RECORDS FOR THE EXERCISE =>

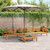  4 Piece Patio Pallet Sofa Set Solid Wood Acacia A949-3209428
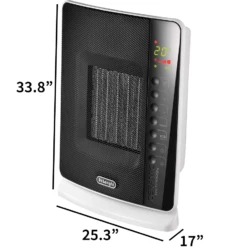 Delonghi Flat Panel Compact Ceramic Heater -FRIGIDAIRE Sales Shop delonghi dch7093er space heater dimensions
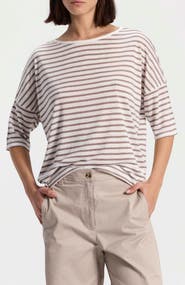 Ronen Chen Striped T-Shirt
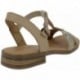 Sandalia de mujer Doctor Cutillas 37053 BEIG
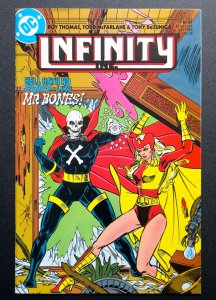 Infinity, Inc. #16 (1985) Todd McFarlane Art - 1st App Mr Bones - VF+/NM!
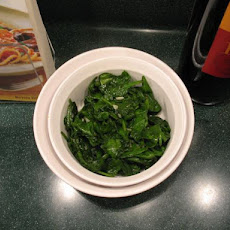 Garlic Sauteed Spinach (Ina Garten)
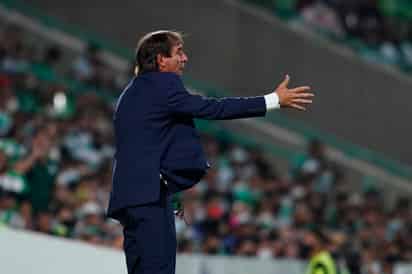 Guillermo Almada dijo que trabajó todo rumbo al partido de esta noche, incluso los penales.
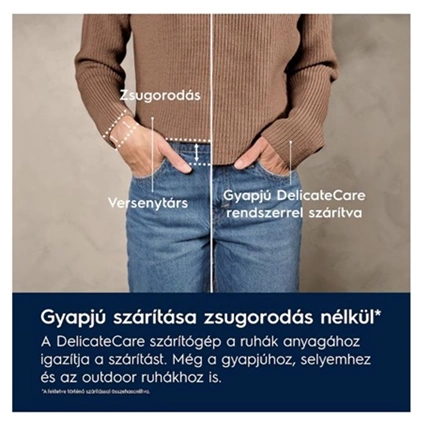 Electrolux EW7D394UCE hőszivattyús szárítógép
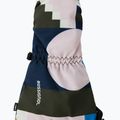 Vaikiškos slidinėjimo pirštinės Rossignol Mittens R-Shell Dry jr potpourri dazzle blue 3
==
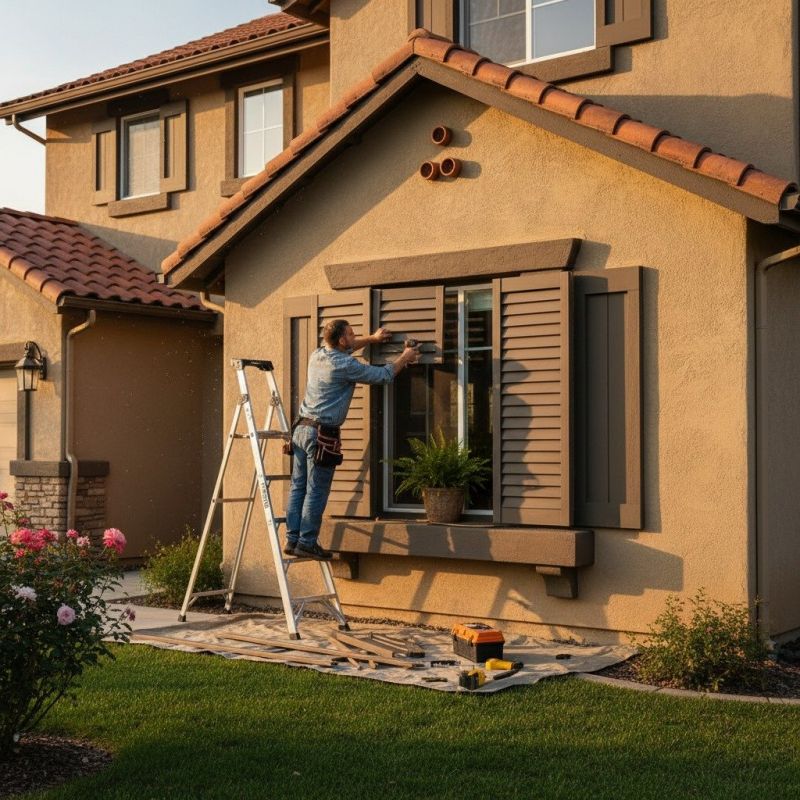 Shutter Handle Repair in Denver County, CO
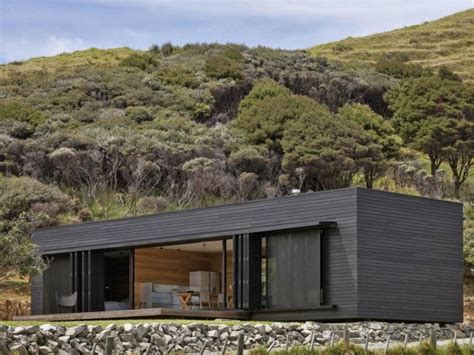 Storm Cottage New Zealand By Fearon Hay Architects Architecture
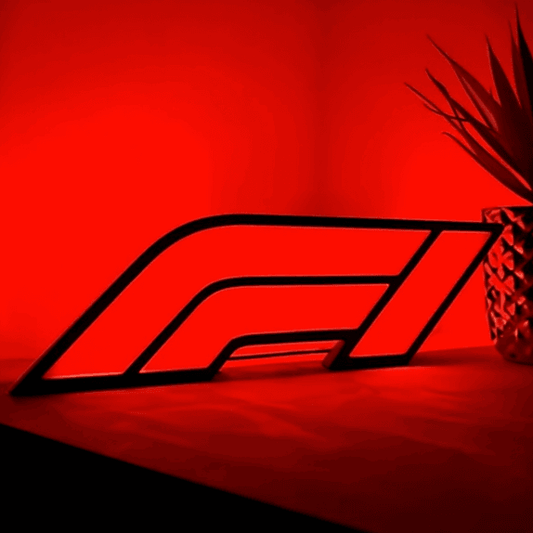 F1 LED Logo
---
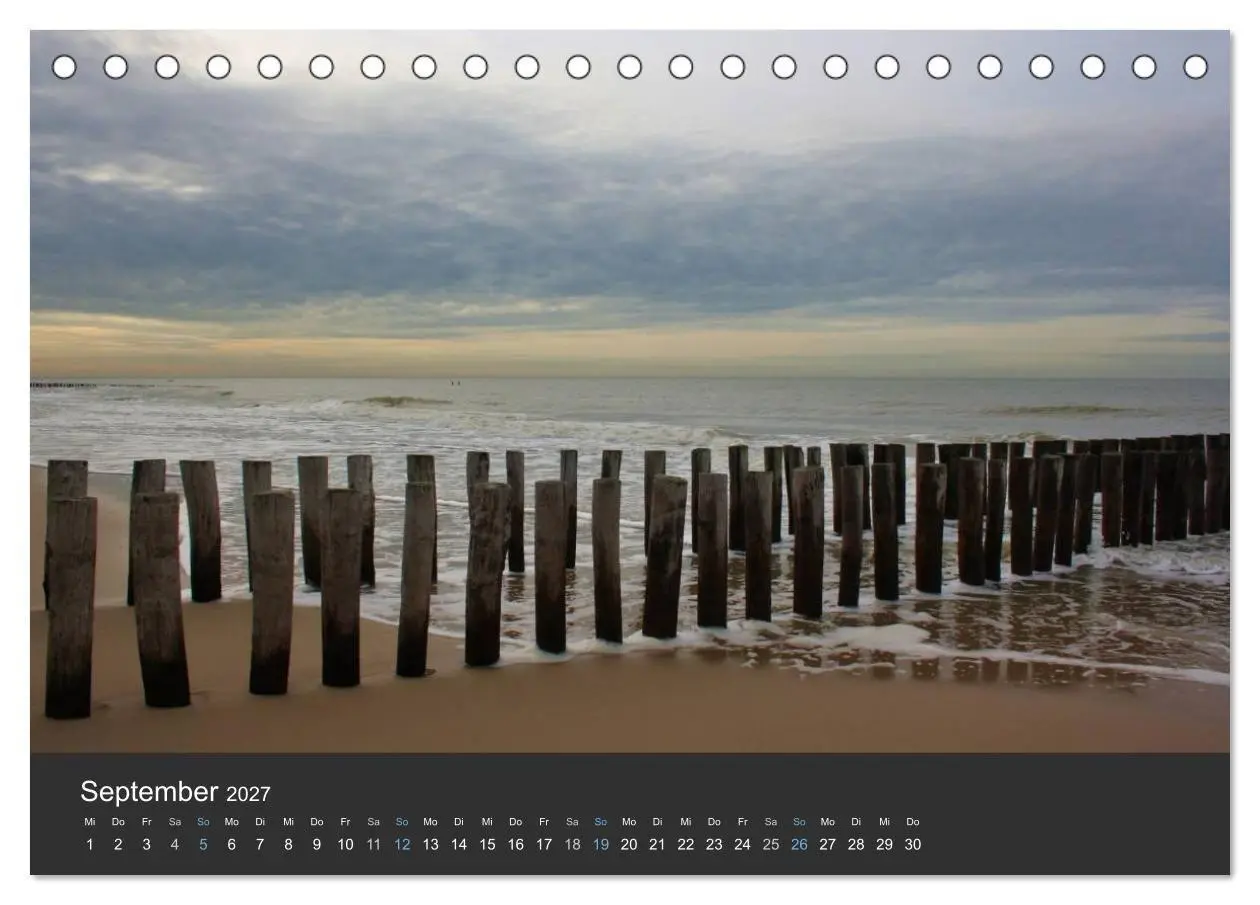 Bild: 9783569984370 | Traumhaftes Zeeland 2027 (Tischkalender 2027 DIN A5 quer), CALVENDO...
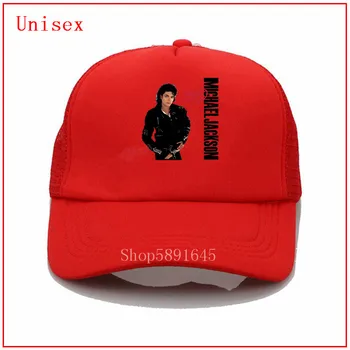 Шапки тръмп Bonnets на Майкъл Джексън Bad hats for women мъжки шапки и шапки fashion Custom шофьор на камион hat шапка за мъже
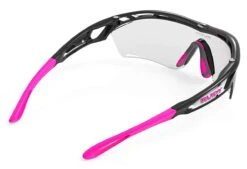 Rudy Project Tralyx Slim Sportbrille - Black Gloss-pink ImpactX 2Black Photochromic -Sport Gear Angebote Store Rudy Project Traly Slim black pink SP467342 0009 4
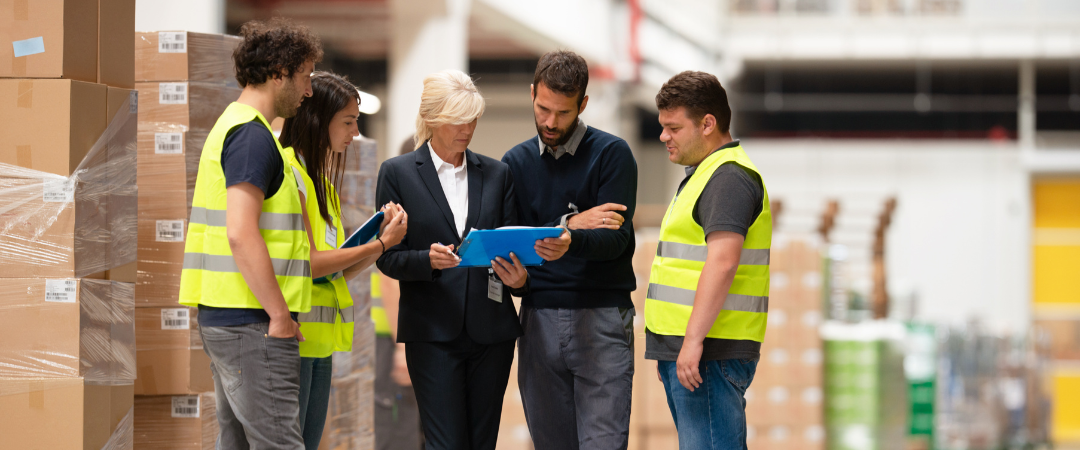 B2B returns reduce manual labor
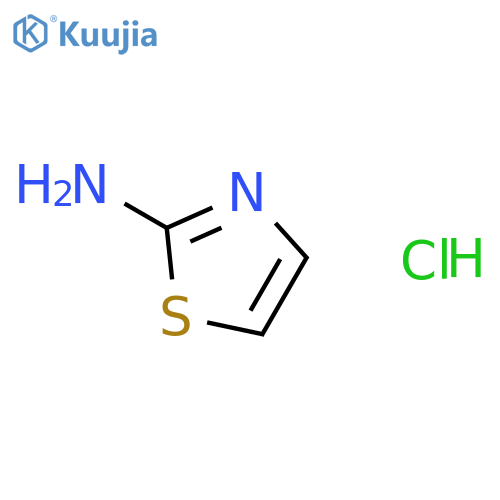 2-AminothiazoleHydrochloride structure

ABOUT THIS EXERCISE =>
Pictures excluded, reproduce only the part above that opens with the line holding "Delonghi Flat Panel" and closes with the line holding "Electrolux EW7D394UCE hőszivattyús", exactly as written.

EXERCISE ANSWER =>
 Delonghi Flat Panel Compact Ceramic Heater -FRIGIDAIRE Sales Shop delonghi dch7093er space heater dimensions
 Ronen Chen Striped T-Shirt
 Sandalia de mujer Doctor Cutillas 37053 BEIG
 Infinity, Inc. #16 (1985) Todd McFarlane Art - 1st App Mr Bones - VF+/NM!
 Garlic Sauteed Spinach (Ina Garten)
 Guillermo Almada dijo que trabajó todo rumbo al partido de esta noche, incluso los penales.
 Electrolux EW7D394UCE hőszivattyús szárítógép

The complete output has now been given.